Watch This offers movie recommendations inspired by new releases, premieres, current events, or occasionally just our own inscrutable whims. This week: With the Denzel Washington thriller The Little Things hitting theaters and HBO Max, we’re looking back at other movies about detectives hunting serial killers.
Between the simplifying force of history and the way the human brain processes information, most artistic movements end up getting boiled down to one or two big names. Your average Jeopardy! watcher, for instance, can get by on knowing what grunge rock is and that it was performed by Nirvana and Pearl Jam. For the oft-homaged breed of lurid Italian slasher pictures known as giallo, Dario Argento is the clear Kurt Cobain, with Mario Bava or maybe Lucio Fulci as the equivalent Eddie Vedder. Only once curious audiences start looking into the deep cuts will they find Massimo Dallamano, who graduated from being Sergio Leone’s cinematographer on the first two installments of his Dollars trilogy to become an accomplished and varied genre filmmaker in his own right during the ’60s and ’70s. Perhaps because Dallamano covered so much ground—a spaghetti Western, an opulent Dorian Gray adaptation, an erotic chamber piece, the poliziottesco crime flick memorably titled Super Bitch—his name hasn’t been quite so synonymous with giallo. But he’s still responsible for one of its most stylish, affecting, and inventively lecherous specimens.
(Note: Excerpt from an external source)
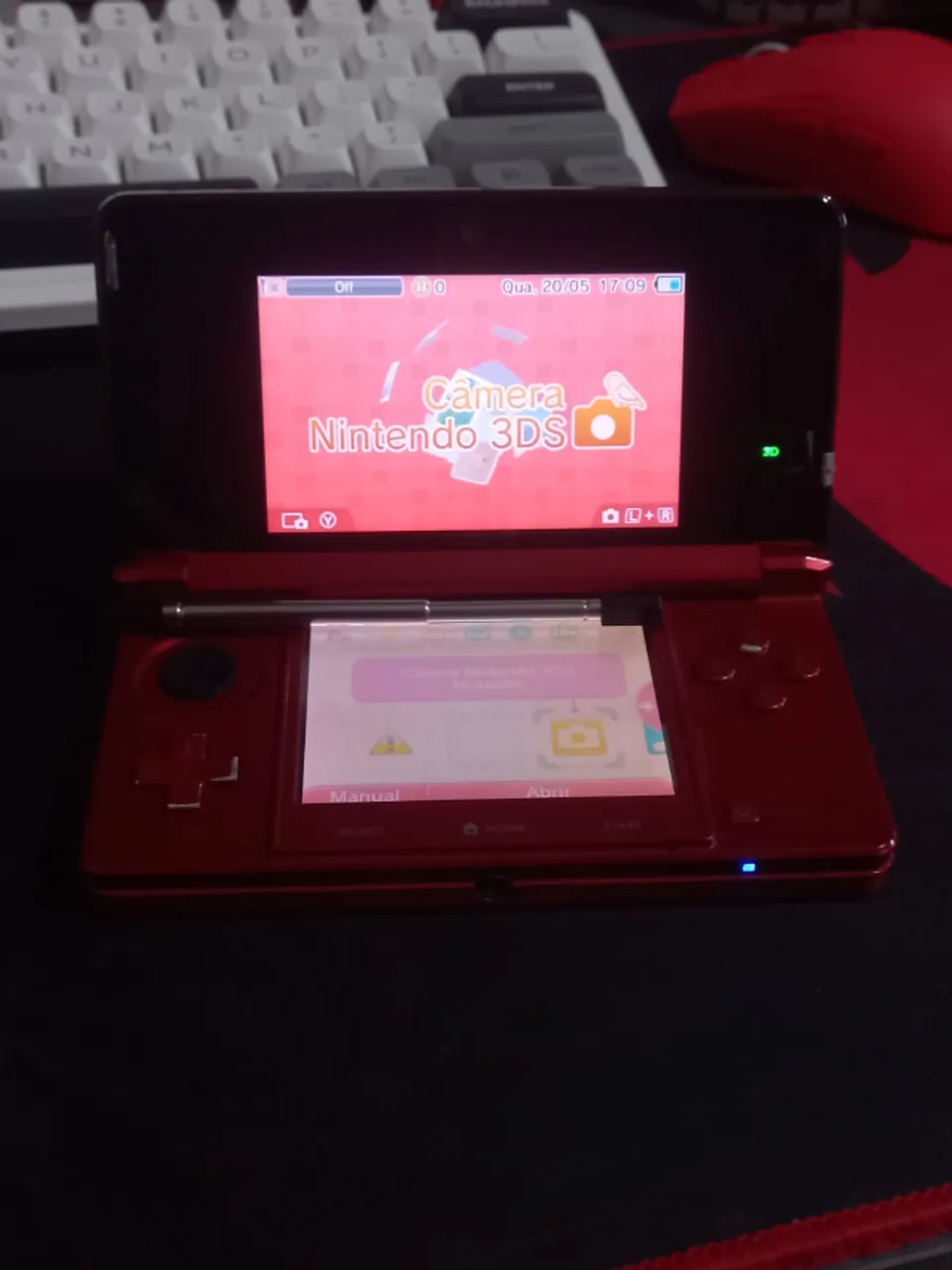 Nintendo 3DS Vermelho + 32 gb + Bolsa e cartão R4 com apenas jogos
What Have You Done To Solange? follows the tried-and-true template of a murder falling into the lap of a handsome guy with an interesting job, which forces him to play amateur sleuth in order to clear his name. Our man is professor Henry Rosseni (Fabio Testi, resplendent in a tightly manicured beard), a ladykiller in what he hopes to prove is a non-literal capacity. He can’t be the one who stabbed that blushing student in the genitals, he insists after witnessing the incident, because he was nearby getting it on with a different student at the time. When she turns up mutilated as well, he has no choice but to come clean to his “frigid” wife (Karin Baal), the simplest of the film’s many conflicts between sexual urges and the fallout of violence. That intersection grows more complicated once Henry tracks the trail of bodies to a clandestine orgy cult well-stocked with nubile coeds, and the back-alley abortionist servicing the members who need it.
The winding plotline commingles traumas and the deranged reactions to them in one delectable pop-psych stew, ultimately leading to Solange herself, portrayed by eventual I Spit On Your Grave star Camille Keaton in her screen debut. (Recommended by the director’s pal Franco Zeffirelli, she was a good fit for the frail, pallid look Dallamano envisioned.) Keaton plays a survivor unable to channel her grief into a cleansing rage, internalizing a past horror until it renders her a haunted shell of a woman. She drifts through the final act like a specter, the starlet’s performance of benumbed, paralyzed pain made all the more potent for its placement in a film with such a freewheeling attitude about blood and skin.
That collision between baroque exploitation and a sober counterpoint finds a nifty parallel in the unusual production design, which pits the stately shooting locations of London against the more expressionistic whims of the film’s Italian and West German producers. Such regular giallo mainstays as black leather gloves and unsettling villain’s-POV shots gel with off-kilter visions of pastoral life; the opening credits pair footage of bicycling ingénues with Ennio Morricone’s creeping score, a juxtaposition recently imitated by Peter Strickland in The Duke Of Burgundy.
Nicolas Winding Refn also numbers among What Have You Done To Solange’s admirers, having floated now-abandoned plans to remake the film in 2016. Though Dallamano’s influence may be mostly limited to fellow cineastes—he’s a grindhouse weirdo’s grindhouse weirdo—the filmmaker has left a singular mark on his corner of a compact niche. Few other directors could make the tragic quite so sexy, or the sexy so meaningfully tragic.